MATERIAL SHOWN section start

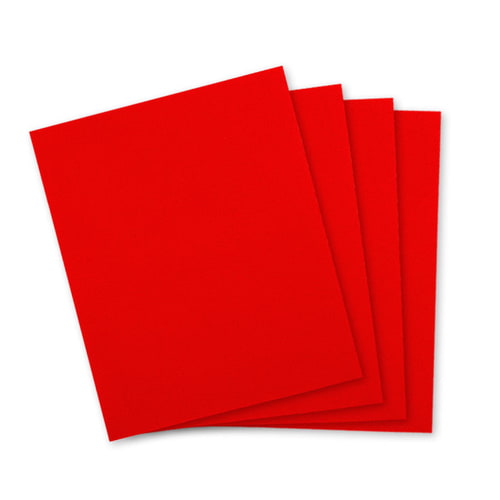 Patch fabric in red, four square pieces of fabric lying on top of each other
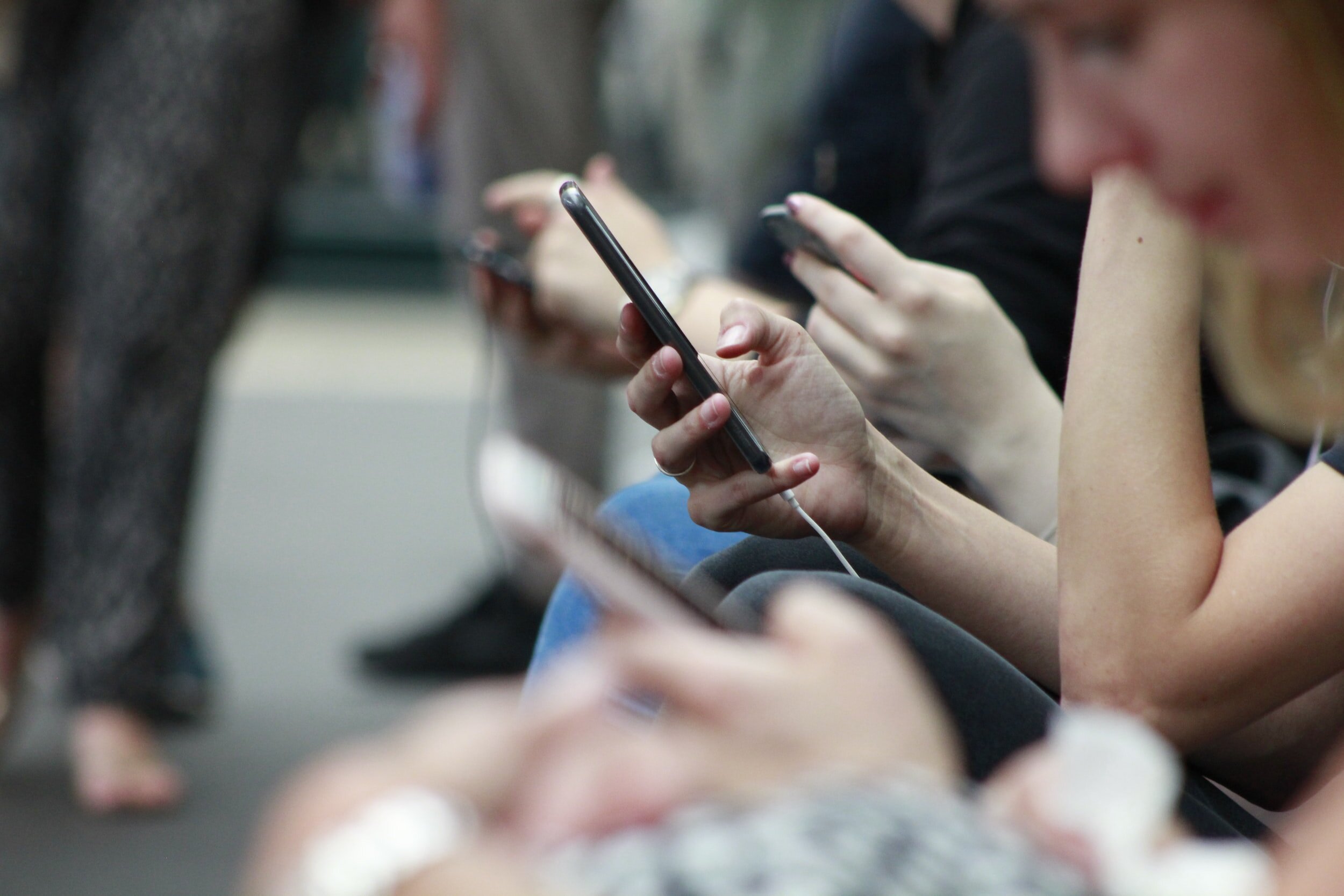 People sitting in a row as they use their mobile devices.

MATERIAL SHOWN section end
MATERIAL SHOWN section start

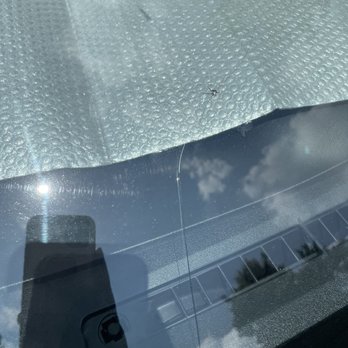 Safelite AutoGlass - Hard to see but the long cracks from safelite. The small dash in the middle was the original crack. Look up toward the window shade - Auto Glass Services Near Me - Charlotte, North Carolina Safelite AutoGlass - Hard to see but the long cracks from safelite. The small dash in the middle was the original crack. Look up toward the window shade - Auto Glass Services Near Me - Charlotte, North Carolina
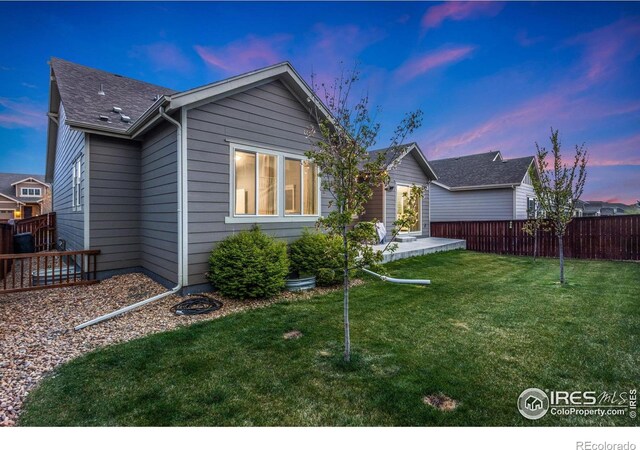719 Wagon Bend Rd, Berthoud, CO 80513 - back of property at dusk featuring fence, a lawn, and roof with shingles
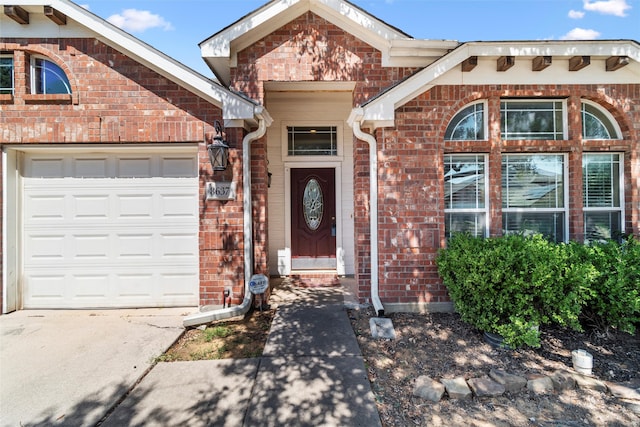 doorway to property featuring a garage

MATERIAL SHOWN section end

> _BRIEF_:
Above are some records; extract exactly the lines from the one containing "719 Wagon Bend" through the one containing "doorway to property featuring a garage" and drop the pictures.

> _WRITTEN REPLY_:
719 Wagon Bend Rd, Berthoud, CO 80513 - back of property at dusk featuring fence, a lawn, and roof with shingles
 doorway to property featuring a garage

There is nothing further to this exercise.